*To do*
Keeping every word the same, give again only the lines from the one with "Personalized Cute Bear" through the end of the data, both included, and leave every picture out.
== Given data ==
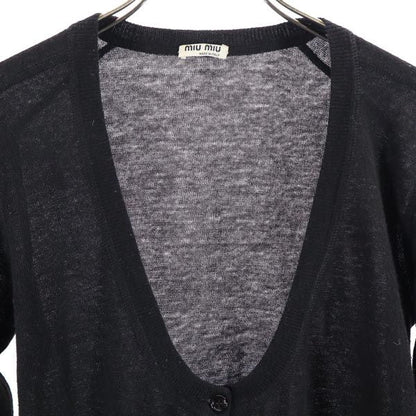 MIUMIU Italian Long Sleeve Cashmere Blend Cardigan Black Size 40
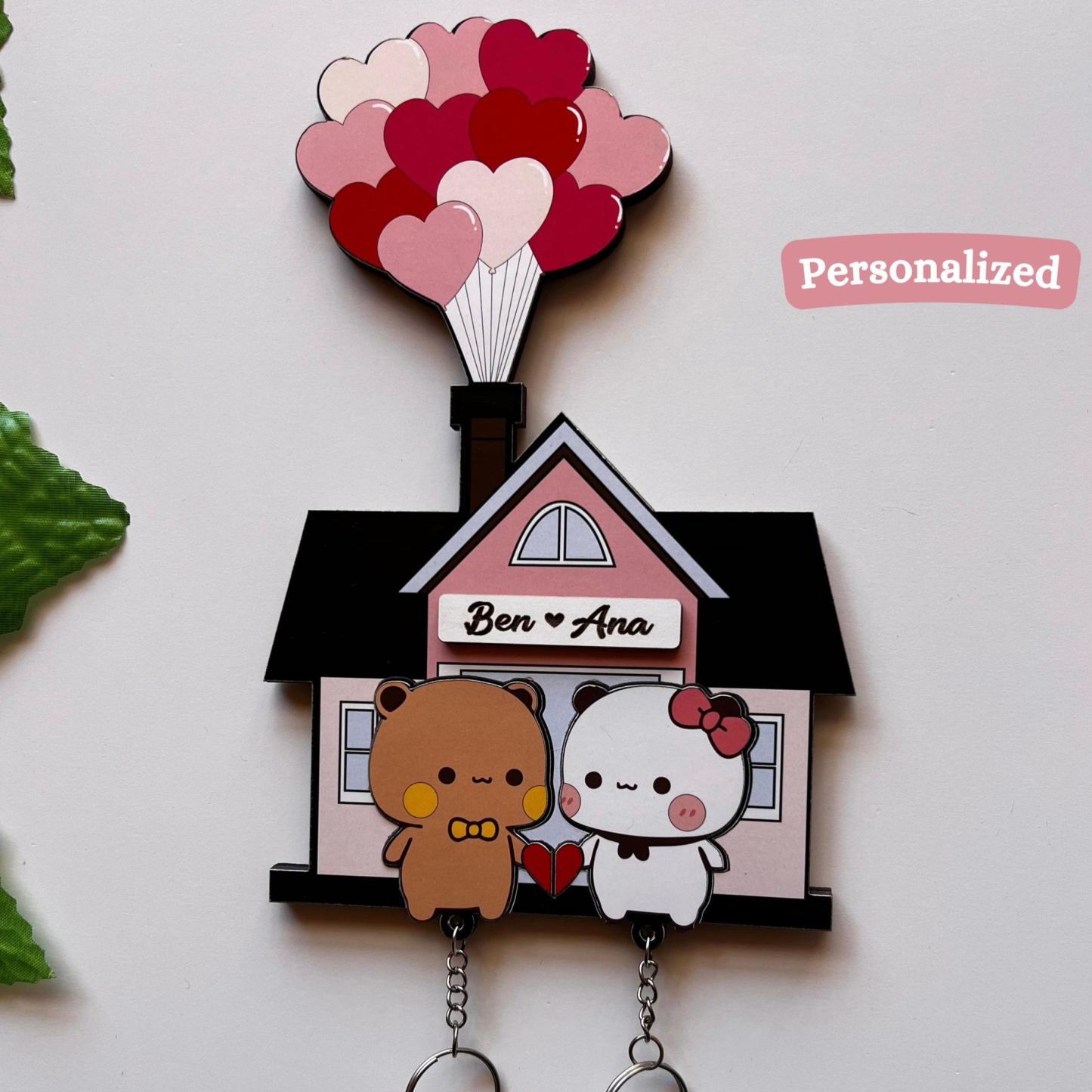 Personalized Cute Bear Couple Key Holder  Wooden House Key Organizer for Two Custom Name Couple Key Holder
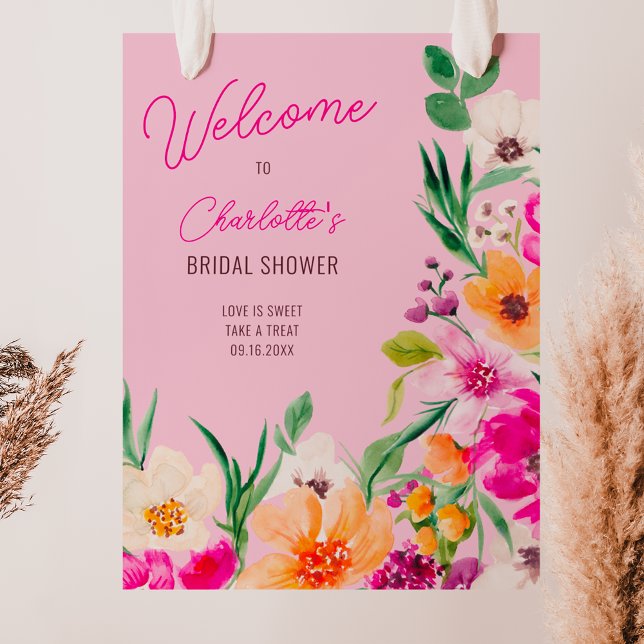 Poster Chá de panela de boas-vindas de flores corajosas (Bright bold wild flowers welcome bridal shower poster on pink)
===
*Answer box*
 Personalized Cute Bear Couple Key Holder  Wooden House Key Organizer for Two Custom Name Couple Key Holder
 Poster Chá de panela de boas-vindas de flores corajosas (Bright bold wild flowers welcome bridal shower poster on pink)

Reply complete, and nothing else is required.